Bauer figured he could do much better. He'd spent a day making careful notes about what was on each pallet, in each box. To gauge prices, he purchased tech magazines that advertised new and used equipment. By his calculations, "the stuff was worth at least $120,000." Enter Weird Stuff's founder, Dave McDougall. From the start, Bauer liked
the engineer-turned-liquidator. "He was honest, and a trust was established,"
Bauer says. Even so, he didn't tell McDougall or any of the other liquidators
about Interactive's impending eviction. "You don't want to go out there
with your hand in your pocket and look desperate."
Three short days before the sheriff arrived, Bauer and McDougall struck
a deal. Weird Stuff would do the liquidating, paying a cash advance on
future consignment percentages and taking over Interactive's lease on the
Sunnyvale warehouse, providing Weird Stuff with the extra space needed
to handle this and other large liquidations. Depending on the liquidation
method, the commission structure they agreed on would give Interactive
between 65 percent and 75 percent of any sale, with Weird Stuff getting
between 35 percent and 25 percent.
Dining With the Ants "Lots of people are trying to play liquidator," warns Herb Hershfield
with a flash of his large teeth as he shows me around the retail store
for Herb's Discount Software. "But it's a dangerous game."
Hershfield, a former record-industry marketer, has created a prosperous
business feasting off scraps. Everything he buys for his San Jose operation
is new but castoff, unloaded for a variety of reasons including excess
inventory, outdated software versions and businesses in distress. For penny-pinching
customers, the shop is a great place to pick up popular software at a discount,
but don't count on finding a copy of a particular title. Hershfield never
knows what he'll have in stock.
According to Hershfield's business card, you save at Herb's because
"we pay ourselves less, we think 60 watts is bright enough, we married
gals with cheap taste, we run little cheap ads."
Has Hershfield, who often buys pallets of merchandise in boxes without
being able to look at everything inside, ever been burned? He laughs. "Yes,
and I have my methods of correcting it." Such as? "Methods unknown," he
chuckles and leads me to the storeroom, where he picks up a box of something
called PC-Xware for Windows.
When somebody screws Hershfield, he never forgets. Like the time he
got stuck with unsold inventory a distributor had promised to pick up.
When the guy refused, leaving Hershfield with 600 titles in his warehouse,
Hershfield did nothing. Until the guy called with another deal. Hershfield
ordered 600 pieces. A couple of months later, the distributor demanded
payment, and Hershfield refused. So he paid Hershfield a visit. "I [told]

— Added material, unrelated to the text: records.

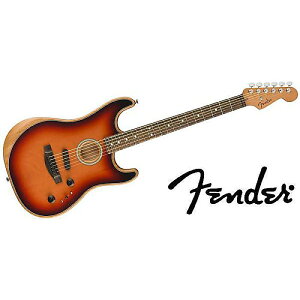FENDER ( tF_[ ) / American Acoustasonic Strat Ebony 3-Color Sumburstċx݃Z[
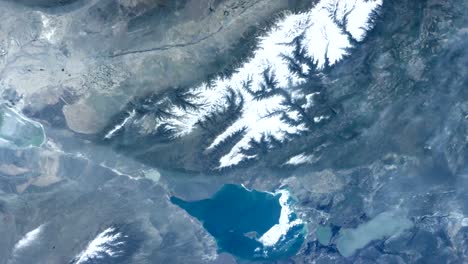 Earth-seen-from-space.-Kazakhstan,-Alakol-Lake.-Nasa-Public-Domain-Imagery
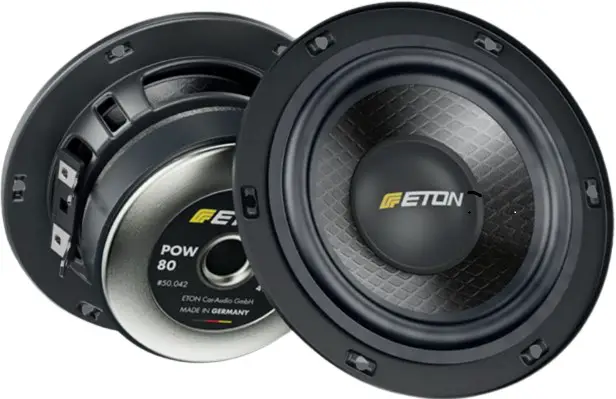 ETON POW 80 Midrange Driver 80 mm 3 Inch Midrange Car Speakers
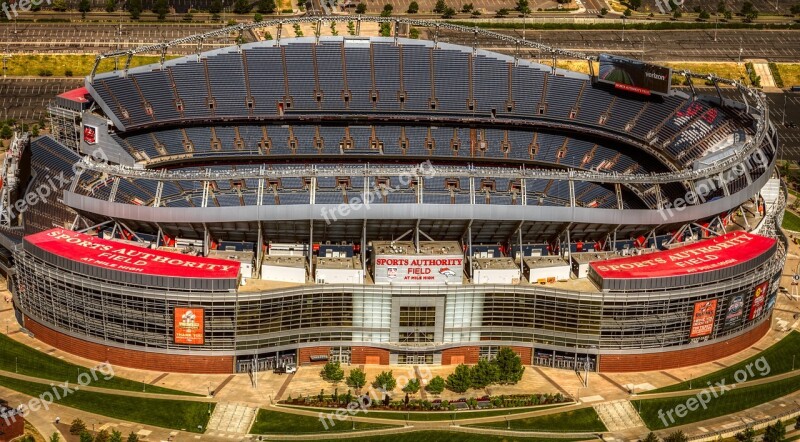 Mile High Stadium Football Stadiums Aerial View Sports Athletics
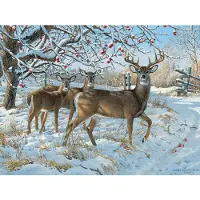 Cobble Hill Puzzle Hirsche im Winter 500 Teile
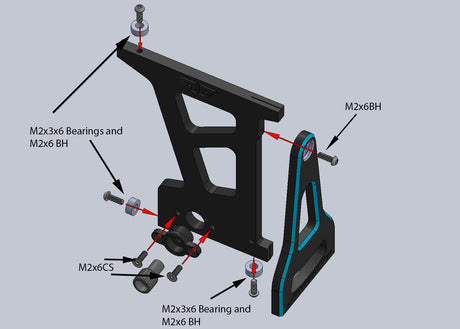 Reflex Racing RX547 1/28 set up station with carrying case, featuring tools and accessories for model car setup and adjustments.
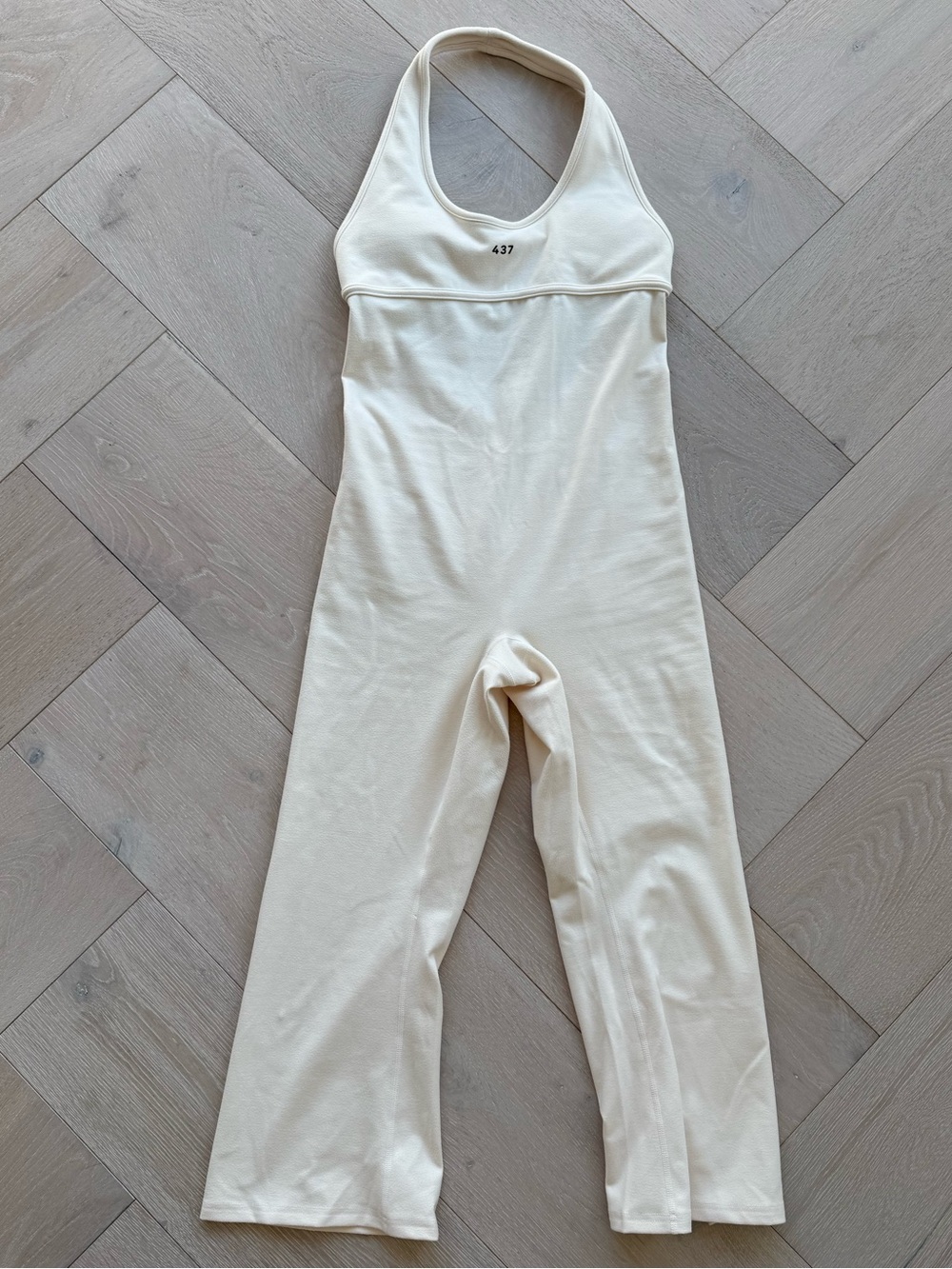 437 The Halter Onsie Cream - Picture 5 of 12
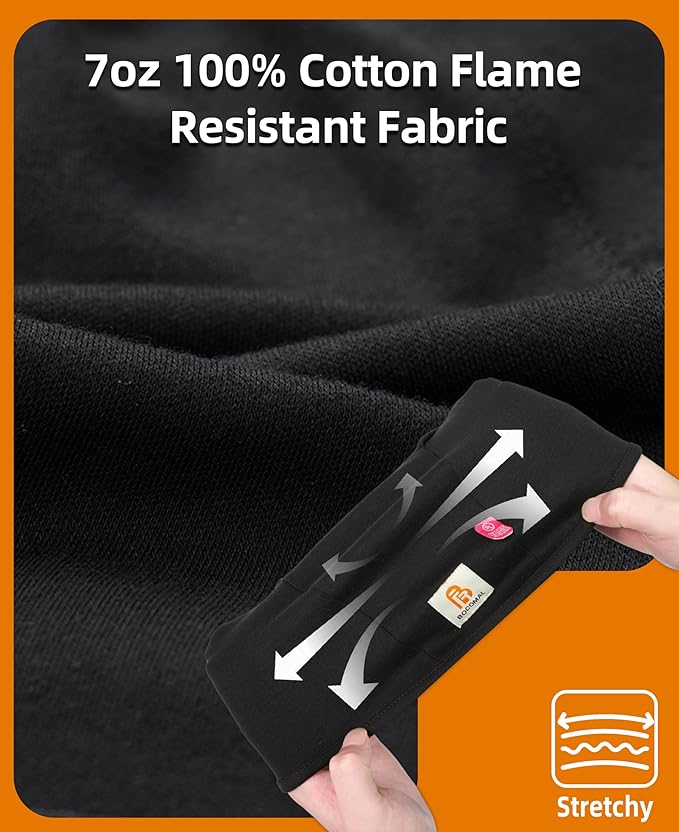 BOCOMAL FR Flame Resistant Balaclava Face Mask Arc Rated NFPA2112 CAT2 Helmet Liner Covering Hood for Welding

him, 'I'll pay with the merchandise you stiffed me with!'" Hershfield says.
"It's a treacherous business."
Liquidators do have a heart "The really distressed situations are the nasty ones. We feel sorry for those guys," confesses Weird Stuff's Schuetz. In his line of work, Schuetz witnesses some of the Valley's worst abuses--entrepreneurs ripped off by investors or competitors who sue them in court, driving them out of business. "We see those things happen in this Valley, and then suddenly we have to sell their assets." Schuetz no longer asks about the circumstances behind a business's death.
"You get to feeling sorry for them," he concedes, "and that influences
how much you'll pay."
"This is a serial-port extender," Schuetz says as he picks up a heavy
gray metal device with connecting prongs. "But I don't know what board
it's made for. Sometimes, there's only one person who will buy some of
these things." Price: $5. It's a steal for the one geek who knows what
the hell to plug it into.
At Weird Stuff, Silicon Valley's life cycle comes full circle. For every
Valley death, another birth is under way. Schuetz taps a bin filled with
computer innards and says with a smile, "This is a great place for startups."